Following the meeting, the film follows a day in the life of Paul and his work with wife Linda McCartney and friend Ringo Starr, which includes filming two videos, rehearsing in a loft, and recording performances for the radio. In between videos, Paul wonders what Harry might have done: Did he give the master tapes to be bootlegged, did he just run off, or was he murdered? During several songs, Paul has elaborate fantasies in various settings and costumes inspired by his predicament.
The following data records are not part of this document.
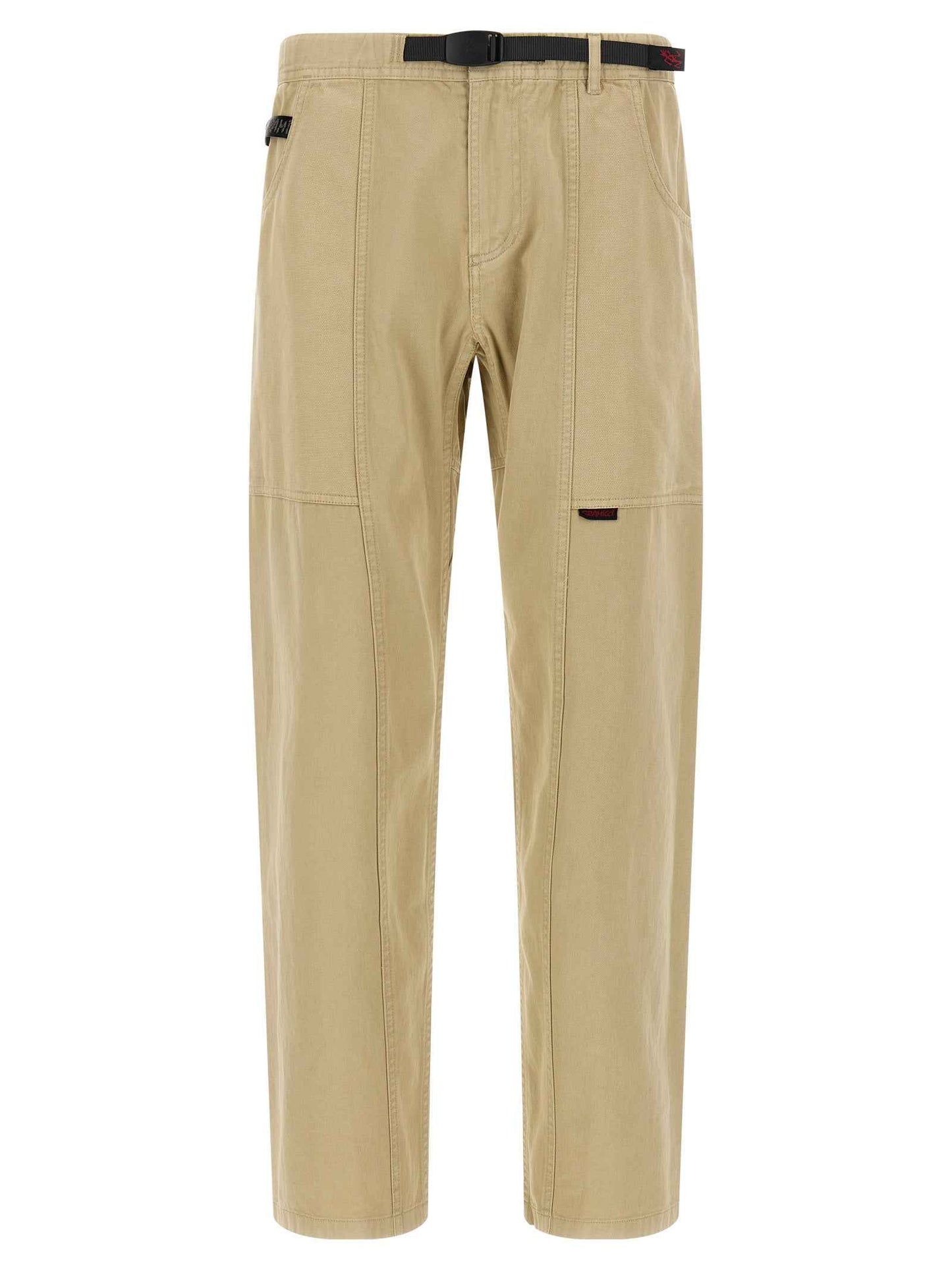 Beige Cotton Casual Pants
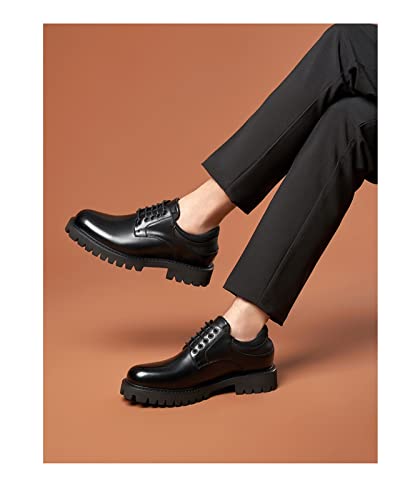 LAZIRO Top Layer Cowhide Business Casual Round Toe Low-top Leather Shoes Men's Thick Bottom Raised Leather Soft Bottom Tooling Men's Shoes3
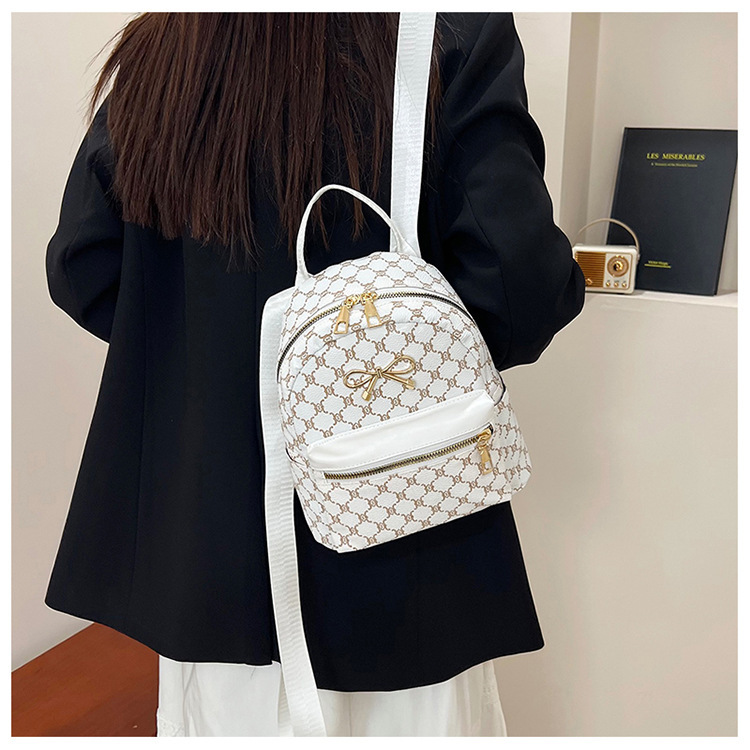 PU Material Wear-Resistant Bow Knot Daily Street Zipper Backpack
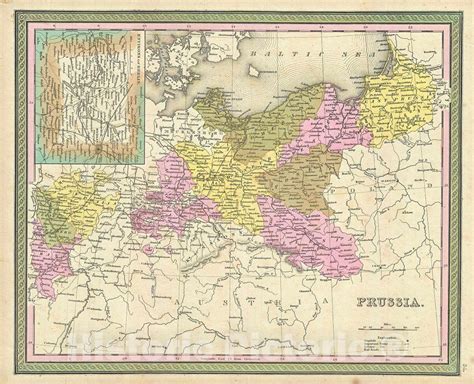 Historic Map Mitchell Map Of Prussia 1849 Vintage Wall Art Historic Pictoric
Once the day is done, Paul drives around London, and his associates brace themselves for the takeover as midnight approaches. After driving past Broad Street, Paul remembers that Harry was headed there when he last saw him and goes exploring the station. He finds the blue case containing the tapes on a platform bench, and Harry in a small maintenance building nearby, where he accidentally trapped himself while looking for the toilet. They both laugh, they drive off, Paul calls Linda using the car phone, she informs the studio that the tapes have been found, and the takeover is averted. Paul's chauffeur-driven car finally arrives at its destination, and he is awoken from his nap.

==Production==
The film was the result of a long-held ambition of McCartney, a lifelong film fan, to become involved in acting again after his success with the Beatles' films. While promoting it McCartney described Give My Regards to Broad Street as his first film in 14 years, but Rockshow had been released four years earlier.

==Rupert and the Frog Song==
The 13-minute animated film Rupert and the Frog Song was shown in cinemas immediately preceding Give My Regards to Broad Street. The short film contained the song "We All Stand Together", sung by McCartney and "the Frog Chorus". Simultaneously with the film's premiere in November, "We All Stand Together" was released as a single and became a hit in the UK, reaching No.3.

==Video game==
A video game based on the film was released for the Commodore 64 and ZX Spectrum home computers in 1985. The game was developed by Argus Press Software and released in its Mind Games series. The C64 version was published by Mastertronic in the U.S. (Cat. no. ICD-0082).

The game takes place after the action of the film and it is discovered that one track from the album was missing from the recovered tapes. The missing track was going to be the lead single so without it, the studio is back in jeopardy. The player takes the role of McCartney, who must travel around London to track down members of the band and other people who were at the original studio session to help piece the track back together. The game package contained a fold out map of London and profiles of the characters which the player needs to use to predict where to find them.

==Reception==
Although its soundtrack was a success, the film was met with negative reviews. Roger Ebert of the Chicago Sun-Times gave the film one out of four stars, praising its music as "wonderful" but wrote that it "is about as close as you can get to a nonmovie, and the parts that do try something are the worst." He particularly criticized the long, irrelevant dream sequences and the poor photography, and he advised readers to buy the soundtrack album and not bother to see the film.

Retrospectively, review aggregator Rotten Tomatoes has clocked the film's positive review score at 22%, based on reviews by 18 critics. Audiences polled by CinemaScore gave the film an average grade of "B-" on an A+ to F scale.

==Awards and nominations==
"No More Lonely Nights", a song from the film, was nominated for a Golden Globe Award and a BAFTA Film Award for Best Original Song-Motion Picture.